The period I work on in Umbria,(the end of the fifteenth and the start of the sixteenth centuries), saw a huge amount of money being spent on chapels and altarpieces in town churches. Commissioning documents repeatedly tell us that patrons were looking at what others had commissioned, and requesting that their work be similar, equal to, or ‘better’ in some way, than another. There cannot have been much chance of quiet contemplation in any of these churches at this time. They must have been alive with the sound of frames being hammered into place, of artists shouting at their assistants to bring paints and implements, and the rustle of parchment as notaries itemised the agreement between patron and artist. All these things took place IN the church. The proximity of trade and the Almighty, at a time when God was very much part of every-day life, was unremarkable.
We, the creatures of a secular age, have perversely assumed over-reverent hushed tones that we imagine to be the appropriate demeanour of the believer, as we creep about Italian churches in our quest to glimpse the masterpieces of this frenetic business of art production.
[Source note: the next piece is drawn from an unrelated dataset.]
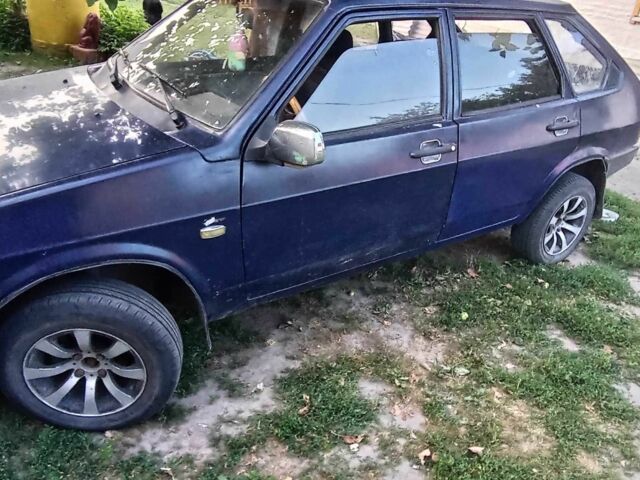 Синий ВАЗ 2109, объемом двигателя 1.3 л и пробегом 100 тыс. км за 650 $, фото 1 на Automoto.ua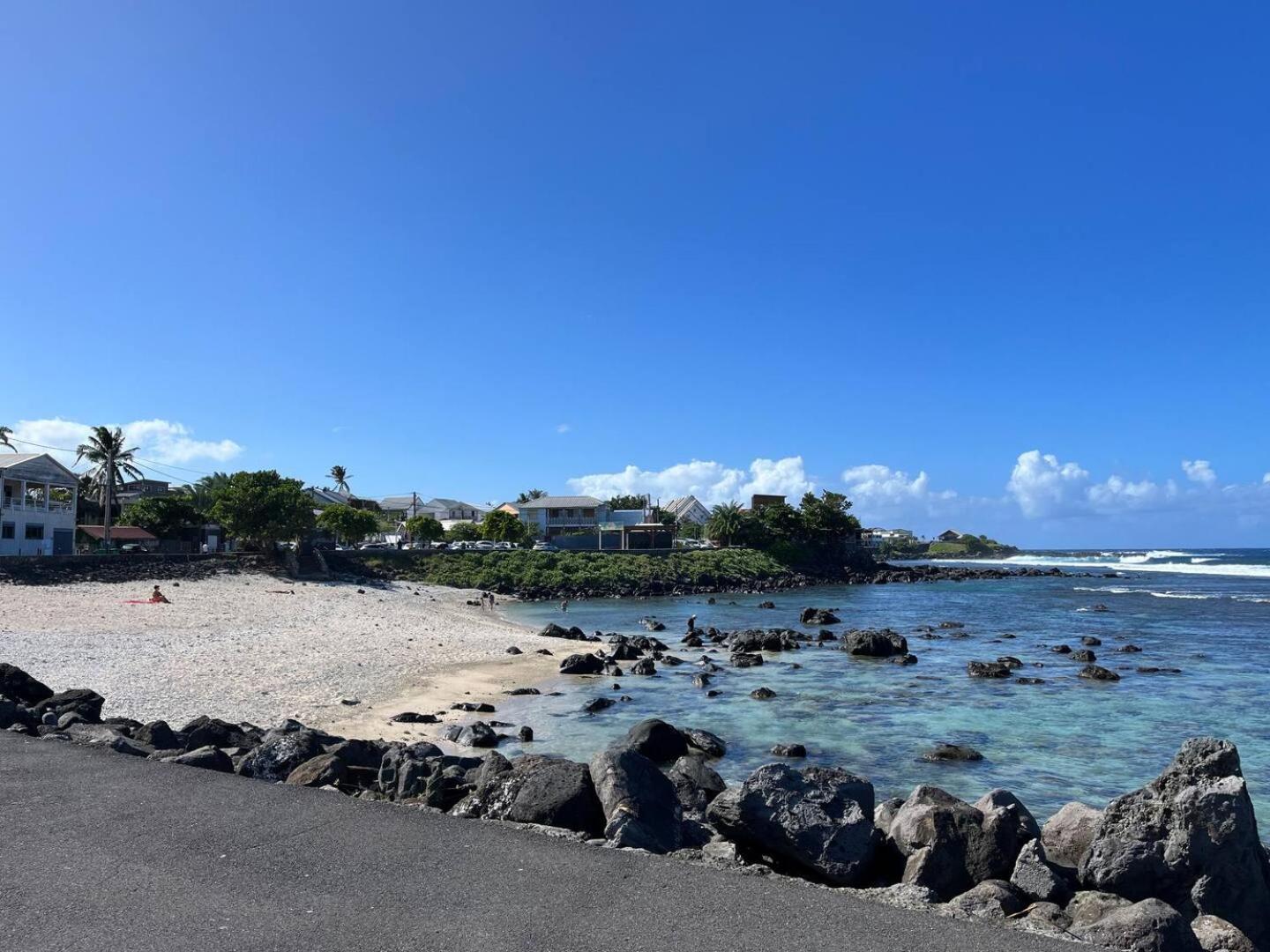 Happy Tropicaloc Apartment Saint Pierre Bagian luar foto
Last week I had the luxury of being almost the only tourist visiting the Duomo in Spoleto, in Umbria. The main doors of the church were being revarnished, and so were flung open throughout the chilly, bright, December day.
Inside, three men in brown overalls took noisy measurements for a new lining for the font, while the decorators sang as they varnished. Sunlight flooded into the church and illuminated the Lippi frescos in a way that the ubiquitous horror of the Italian church, the coin-in-the-box-spotlight, never does. For a moment I had a glimpse of what it might have been like to have stood there at the end of the fifteenth century, when this was a place of business; as deals were being struck, careers being made, and as the daily grind of making things went on. Baxandall’s “church-going businessman” felt close by my side.